I have tried the following
class BusinessUserRegistrationView(FormView):
form_class = BusinessSignupForm
template_name = 'allauth/account/signup.html'
view_name = 'organisersignup'
success_url = reverse_lazy(view_name)
organisersignup = BusinessUserRegistrationView.as_view()
And the form
class BusinessSignupForm(BaseSignupForm):
password1 = SetPasswordField(label=_("Password"))
password2 = PasswordField(label=_("Password (again)"))
confirmation_key = forms.CharField(max_length=40,
required=False,
widget=forms.HiddenInput())
def __init__(self, *args, **kwargs):
super(BusinessSignupForm, self).__init__(*args, **kwargs)
if not app_settings.SIGNUP_PASSWORD_VERIFICATION:
del self.fields["password2"]
def clean(self):
super(BusinessSignupForm, self).clean()
if app_settings.SIGNUP_PASSWORD_VERIFICATION \
and "password1" in self.cleaned_data \
and "password2" in self.cleaned_data:
if self.cleaned_data["password1"] \
!= self.cleaned_data["password2"]:
raise forms.ValidationError(_("You must type the same password"
" each time."))
return self.cleaned_data
def save(self, request):
adapter = get_adapter()
user = adapter.new_user(request)
user.is_business = True
adapter.save_user(request, user, self)
self.custom_signup(request, user)
setup_user_email(request, user, [])
return user
And in the urls.py
url(r'^organiser/$', 'authentication.views.organisersignup', name='organisersignup'),
The problem is that somehow, the boolean is_business is never set to True. The from shows, I can save, but what is saved is never a business always a client.
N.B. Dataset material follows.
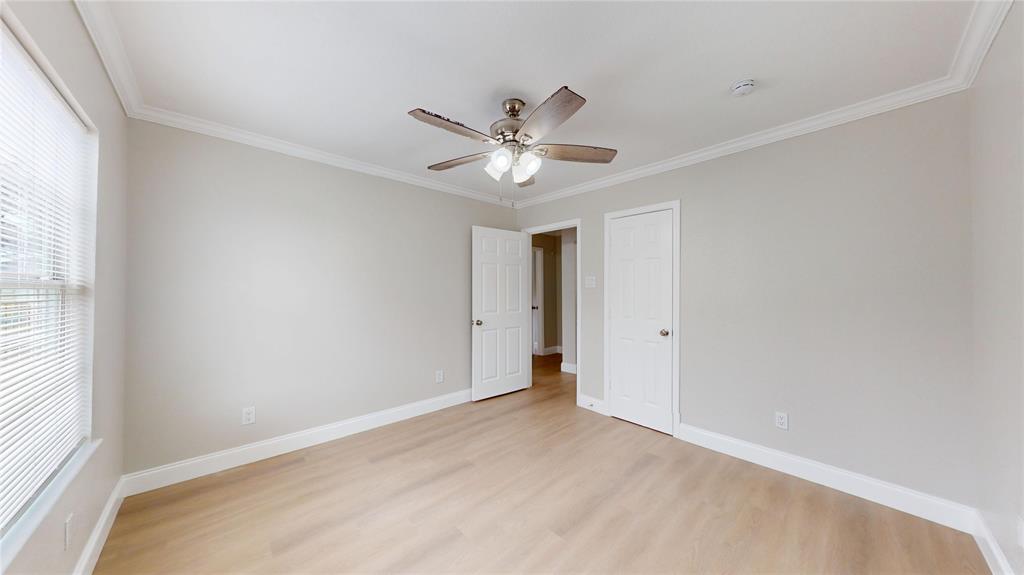 912 Seymour Street, Pasadena, Texas image 17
The BusinessSignupForm is a copy of the SignUpForm found in the allauth forms.
What am I doing wrong?
I'll answer the question as I found the solution to have multiple signup forms with allauth.
Form:
class BusinessSignupForm(SignupForm):
def save(self, request):
user = super(BusinessSignupForm, self).save(request)
user.is_organizer = True
user.save()
return user
View
class BusinessUserRegistrationView(SignupView):
template_name = 'allauth/account/signup-organizer.html'
form_class = BusinessSignupForm
redirect_field_name = 'next'
view_name = 'organisersignup'
success_url = None
def get_context_data(self, **kwargs):
ret = super(BusinessUserRegistrationView, self).get_context_data(**kwargs)
ret.update(self.kwargs)
return ret
organisersignup = BusinessUserRegistrationView.as_view()
Template
<form id="signup_form" method="post" action="{% url 'organisersignup' %}">
{% csrf_token %}
{% bootstrap_form form %}
</form>
This can be reused over and over again to modify properties of the custom user model if you have one.
Currently running Django==1.8.10 and django-allauth==0.24.1
Instead of using user.is_business = True
to differentiate types of users consider using a BusinessProfile class. You can have several profile types per user if necessary, for example a PartnerProfile, ClientProfile, SupplierProfile etc. Each profile type can have it's own signup, login, and profile pages.